Sherrick & Paul • Through June 13

by Erica Ciccarone | Photograph by Jeffrey Graetsch

Artists and athletes. From the outside, they have nothing in common. They live in two different worlds: one of the mind, the other of the flesh. Wendy White doesn’t see it that way. Her work is informed by the unmitigated experiences of sports, the visual cacophony of Chinatown, and the insistence of street graffiti to assert that its artist exists.

White’s paintings have a muscular energy that flattens the viewer. That’s how I felt, anyway, when I saw two of her paintings in the inaugural Sherrick & Paul exhibition last year. Asymmetrical, unbelievably smooth, and often huge in scale, her abstract acrylics offer panoramic views of her experience in the world. This month, White presents Double Vanity, a series of new work at Sherrick & Paul. Although this series is not as overtly sports centered as other of the artist’s work, it captures the same kind of in-the-moment, untempered bursts of action that White likes.

Bitch Move, Oh Well, 2015, Hand-painted rug, 96” x 144”

Bitch Move, Oh Well, 2015, Hand-painted rug, 96” x 144”

“There’s hardly anything in life that isn’t planned,” she says. “But games happen and people win and people lose, and it’s one of the only things that’s like that anymore.” It’s similar, she says, to the art-making process. “You can’t prepare for it, and then it’s over and the work goes somewhere else. Everybody assumes that artists can’t play sports. There’s been this division for so long, and I think the headspace is really similar. The potential for failure, the greatness of failure . . . ”

AC, 2015, Acrylic on canvas, 60” x 60”

AC, 2015, Acrylic on canvas, 60” x 60”

Listening to White talk is convincing. The discipline of the athlete and the artist surely requires the same kind of solitude, and, like an athlete going into a game, White knows that anything can happen in the art-making process. “You’re creating a problem for yourself to solve every day that really doesn’t matter to anyone else. It’s similar to trying to up your game or shave a second off of your time.” This led White to think more about the way emotions are enacted in sports. In a recent exhibition at David Castillo Gallery in Miami, White fused inkjet prints of athletes with acrylic painting to show how gender informs emotional moments on the field. Her critique is playful but revealing. She relegated the male athletes to a space in the back of the gallery that she called the man cave.

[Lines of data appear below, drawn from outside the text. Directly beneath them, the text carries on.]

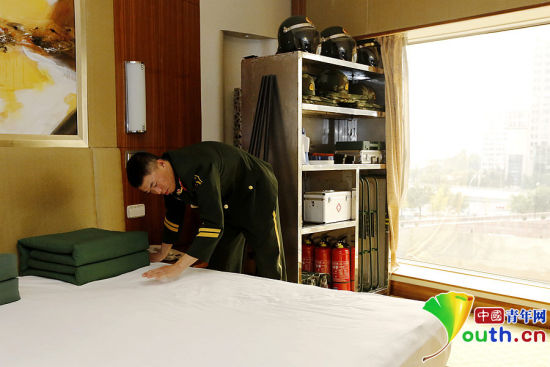 　11月7日，一名武警官兵在APEC駐地中國(guó)大飯店的房間內(nèi)整理內(nèi)務(wù)。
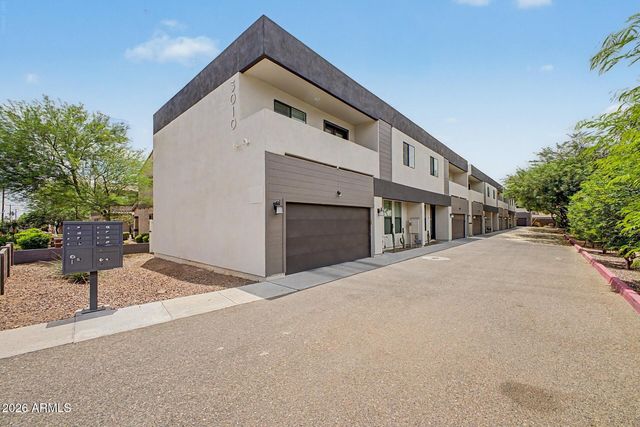 3010 N 37th St Street, Phoenix, AZ 85018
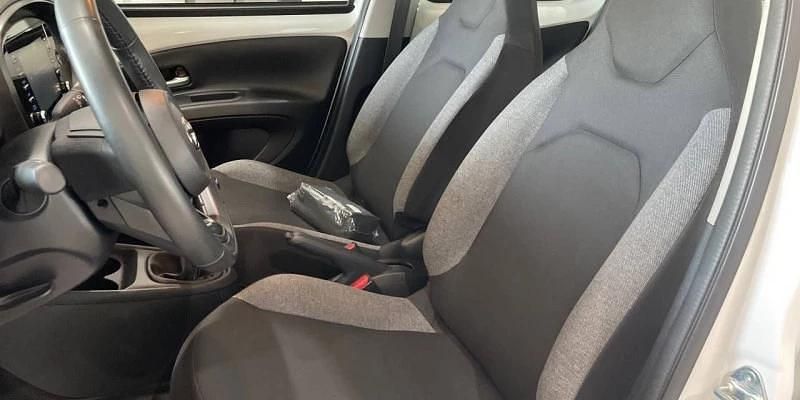 Usado Toyota Aygo X 72 CV (52 kW) 2022 Blanco SUV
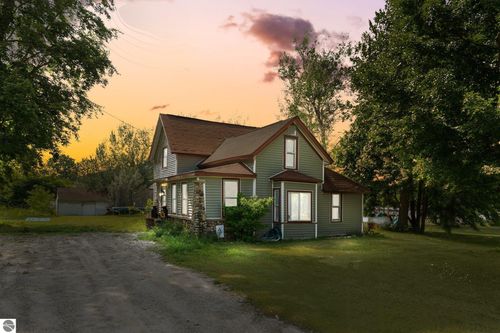 6531 N 35 Rd, Manton, MI, 49663-9756 | Card Image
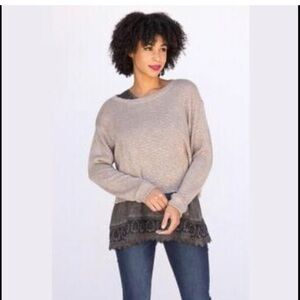 Agnes & Dora Pullover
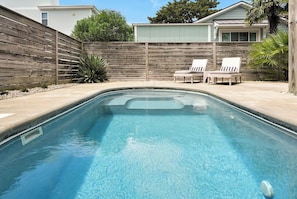 Outdoor pool, a heated pool - Updated / 2min Walk to Beach / Heated Pool / Golf Cart / Table Games (Carolina Beach)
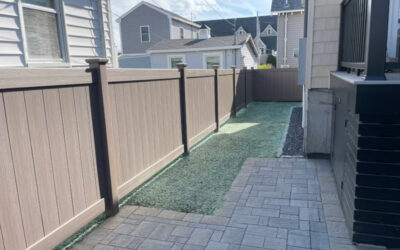 Bufftech Vinyl Fence installed in Wells, ME.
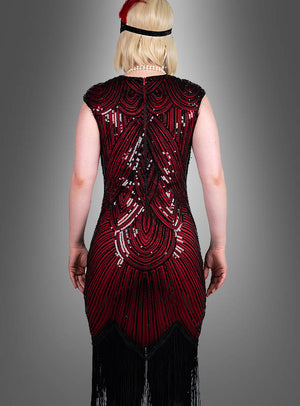 Eine Person steht mit dem Rücken zur Kamera und trägt das „Hochwertiges Gatsby Kleid Daisy“ – ein rot-schwarzes Flapper-Kleid mit Pailletten, das von Kleidern der 20er Jahre inspiriert ist – mit schwarzen Fransen am Saum, dazu eine Perlenkette und ein schwarzes Stirnband, das mit einer roten Feder verziert ist; das Ganze vor einem grauen Hintergrund.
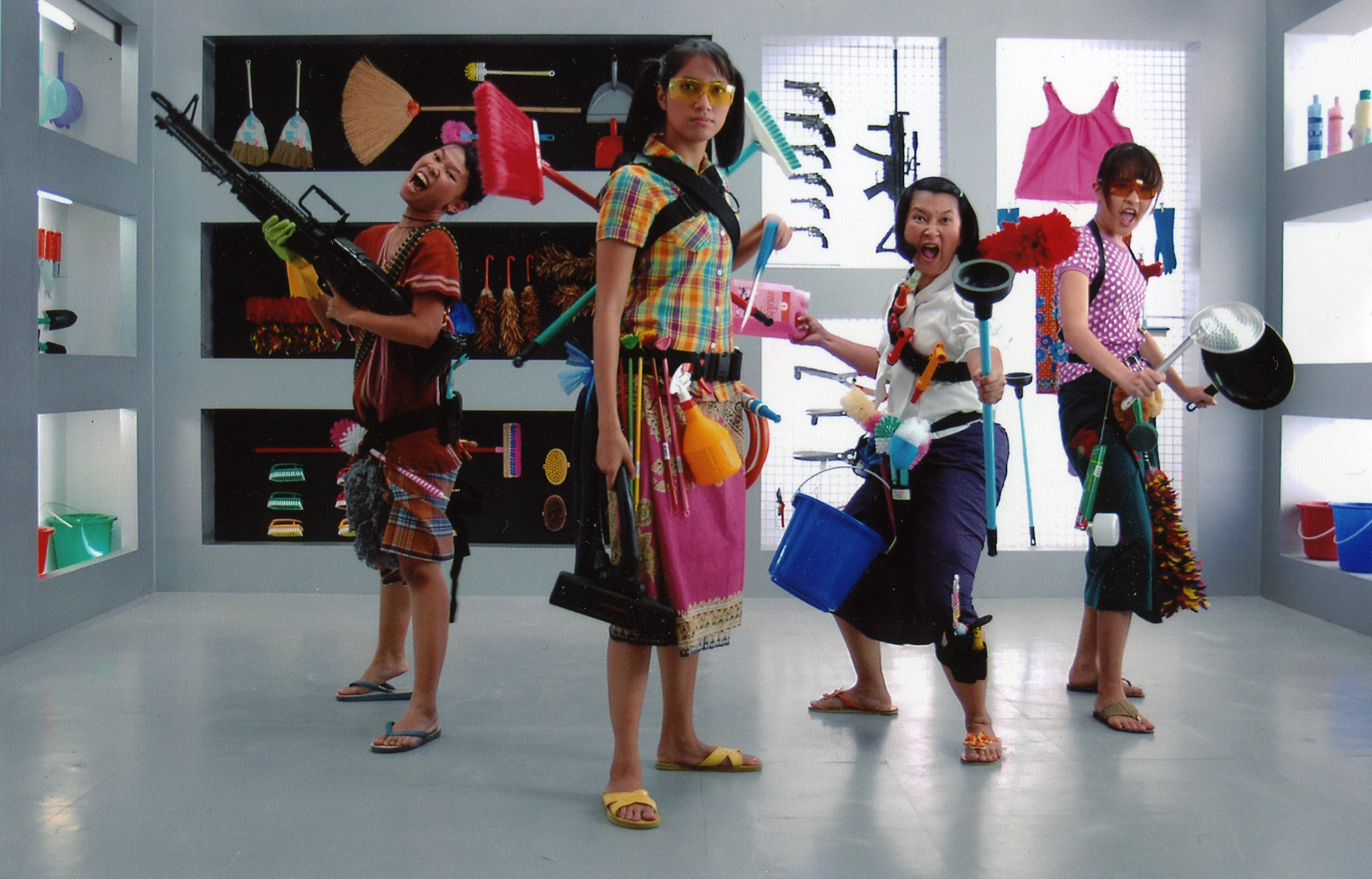 曾拍過2部《人妖打排球》的導演導演翁乙湯伉棟，繼續在《女傭大間諜》發揚惡搞顛覆手法。（台北電影節提供）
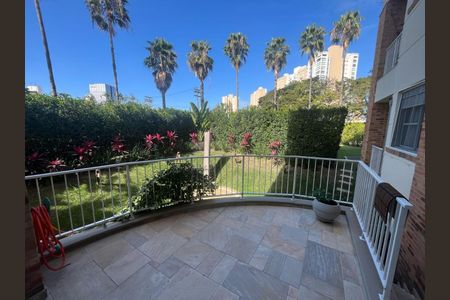 Apartamento à venda com 259m², 3 quartos e 3 vagas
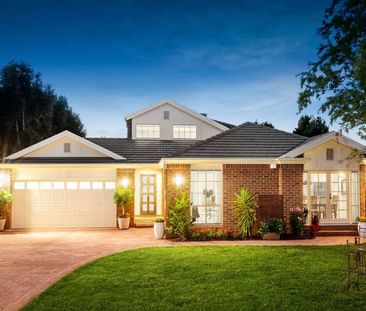 6 months lease only | Luxury Family Living in Court Location - Photo 4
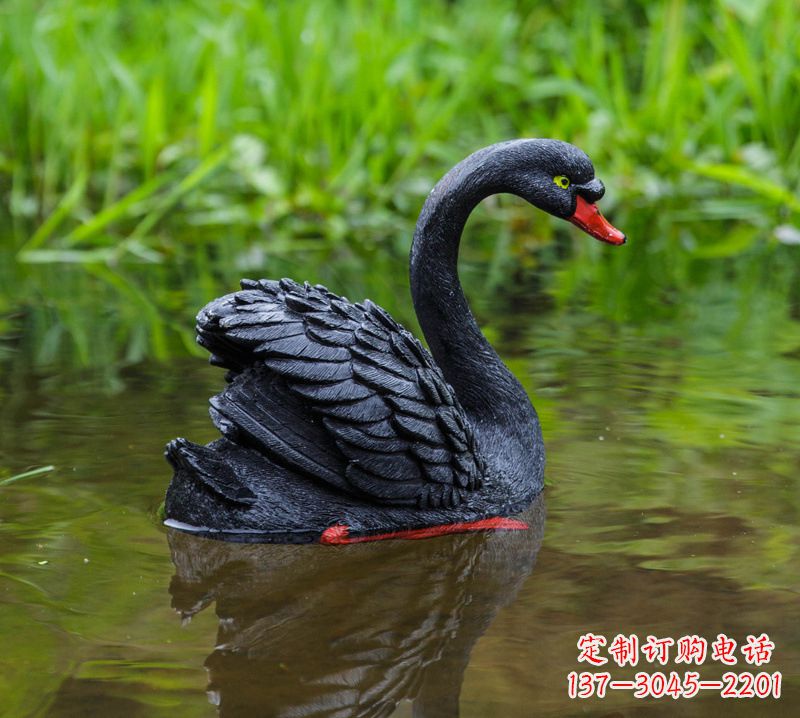 信阳精致风范:黑天鹅展翅玻璃钢仿真雕塑
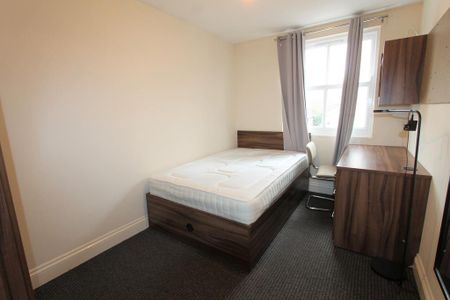 6 bedroom flat to rent - Photo 5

The Midge Game, 2015, Inkjet and acrylic on UV vinyl, wood and gold Mylar frame, custom-shaped and hand-painted rug, 97” x 73” x 54”

The Midge Game, 2015, Inkjet and acrylic on UV vinyl, wood and gold Mylar frame, custom-shaped and hand-painted rug, 97” x 73” x 54”

“That got me thinking about the splitting of the domestic space based on gender-based desires,” White says. She noticed how on shows like House Hunters, where couples scout their perfect home, the men and women often have very gendered needs. The woman always wants a bigger closet; the man needs a place of his own to play music or pool.

There’s hardly anything in life that isn’t planned . . . But games happen and people win and people lose.

“In such an increasingly non-gendered world where the line should be blurred, television and mainstream media tell us that we should still be defined by it.”

Oh Well (Green) (detail), 2015, Acrylic on canvas, wood and enamel frame, 26” x 32”

Oh Well (Green) (detail), 2015, Acrylic on canvas, wood and enamel frame, 26” x 32”

Double Vanity will delve into this theme using the architecture of the gallery itself. Sherrick & Paul is divided in two by a freestanding wall, giving it a mirrored effect. White is carpeting the floors in white and using the mirrored spaces to reflect the two domains of the home: male and female. The paintings in the show have names like Sure, Scumbag and Crybaby and use a decorative palette of pastels. Many of the pieces include text, which is inspired by White’s neighborhood in Chinatown, Manhattan. She stencils letters into her work that reflect the neighborhood’s signage, awnings, and canopies that are teeming with English, Cantonese, and graffitied text.

Though the text in White’s paintings does not usually have a discernable meaning, it reflects the human need to leave a mark on the world. Rather than trying to force meaning into a work, White relies on the vagueness of abstraction. “Meaning,” she wrote in a catalog piece, “doesn’t breathe outside of a moment.”

Sure, Scumbag, 2015, Acrylic on canvas, 60” x 60”

Sure, Scumbag, 2015, Acrylic on canvas, 60” x 60”

As an athlete who practices every day year round knows, the moment will pass if you don’t seize it. White finds it in her studio practice when she starts trusting a different part of the brain and the work takes over. “That’s the moment. It’s a glance. It’s a flicker. That’s the moment that keeps you making more.”